I've Fallen, and I Can't Get Up!

You know that famous commercial featuring elderly crying, "I've fallen, and I can't get up"?

I never thought I would be reenacting this commercial several times over at 30 years old.

I'm currently seeing things from an ant's point of view. I JUST FELL.

I used to be able to get up by myself, but for the past couple years it is nearly impossible for me to do this. I now need assistance.

I am now blogging from my iphone on the floor. Thanks, technology.

No one is around to help. I fell in the kitchen and I'm strategizing if I can get up without straining myself. I think I can drag myself to the kitchen chair and try and lean on the chair and pull myself up.

It's 3:30pm I have alot of stuff to do and I don't feel like waiting until 8pm when Jason, my husband, gets home. I'm leaving for LA tomorrow and I have much to do.

So, I scooched my butt over (good thing I have lots of padding) and I'm now near the kitchen chair. My dog, Pippi, is cheering me on. She looks worried and confused.  

Ok...so deep breaths and let's see if I can get myself up..

UPDATE: So, an hour later I think it is time to admit defeat.

I'm not in the editing mood, so this will be all babble.

If I go any longer I will strain my legs and not be able to walk afterwards. I got to the kitchen chair and thought I could throw my belly on the chair and push myself up. I'm not sure why I thought I could do this, because I haven't been able to for awhile. I tried to get on my knees for leverage and lay on the chair, but couldn't...hmmm, what else can I do?

I decided to scooch to the bathroom as there is a lower chair in there. It is one of those bathtub adjustable seats. I drag myself from the kitchen to the bathroom and I notice, man these floors are dirty.

I guess my butt is cleaning the floor?

I get into the bathroom and try to get up on the plastic shower seat that is sitting near the bathtub. This time I bend myself over the bathtub side and hold onto the seat and try to pull myself onto my knees and lay so my belly is on the side of the tub. This is hard because my arms are getting weaker, too. I rest my head on the corner so I have extra leverage...but it is not working.

Ughhh, it took me 20 minutes just to get on my knees.

That's ok...I'll keep trying. I can do this.

By this time, I start to cry and Pippi has gave up on me and went and hid under the bed.

I think she was worried and didn't know what to do for me. I say to myself, "I just want to get up...that's it...and go to the bathroom!"

I have to pee real bad. I sit back on my butt and I think if I take off one leg brace it will help, because I'm having trouble bending my legs.

It doesn't work, because my leg/foot is now to weak to push my body...plus the floor is slippery tile.
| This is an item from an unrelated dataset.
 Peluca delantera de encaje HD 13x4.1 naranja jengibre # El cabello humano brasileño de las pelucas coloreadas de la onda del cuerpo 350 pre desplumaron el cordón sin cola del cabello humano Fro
I keep trying...I try to push my body onto the shower chair so my belly is on it, but I can't do anything from there and laying on my stomach just makes me want to pee more ;).
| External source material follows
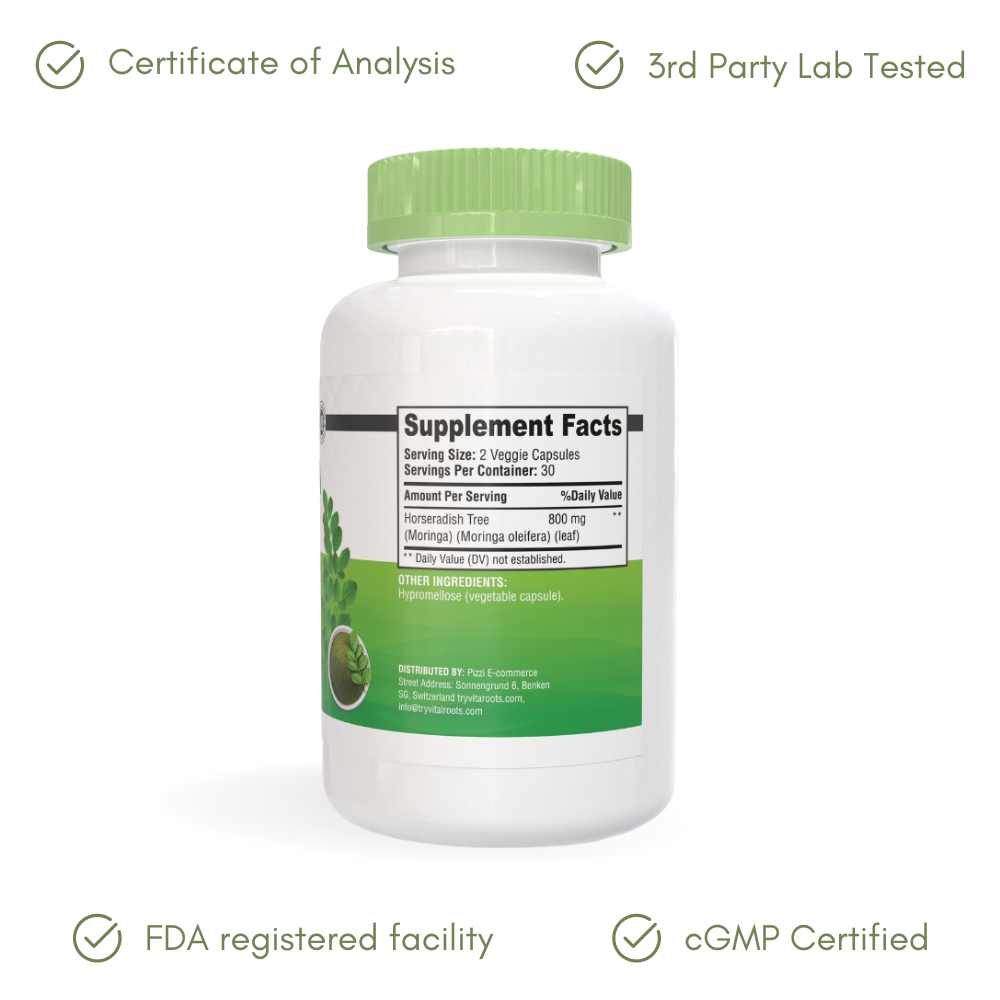 100% Pure | Organic Moringa Capsules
I lay belly down on the shower chair, hanging over the tub, but I'm not able to achieve much more than this.

I'm feeling a little upset and just cry...I hate these moments...I could do this a couple years ago, so why can't I now...? I can't even crawl or kneel. My legs just don't work like that anymore.

I feel alone and even my fighting spirit is not enough to get me up off the floor. I lay on my stomach for a few more minutes staring at the tile grout. I sat there for a little while.

I scooch myself to the bedroom and now I am just waiting.

I still have to pee...damn that coffee. I know I'm inserting some humor here and there...but it really is not that funny and it's hard.

I guess I wanted to try and describe what it is like to do the little things.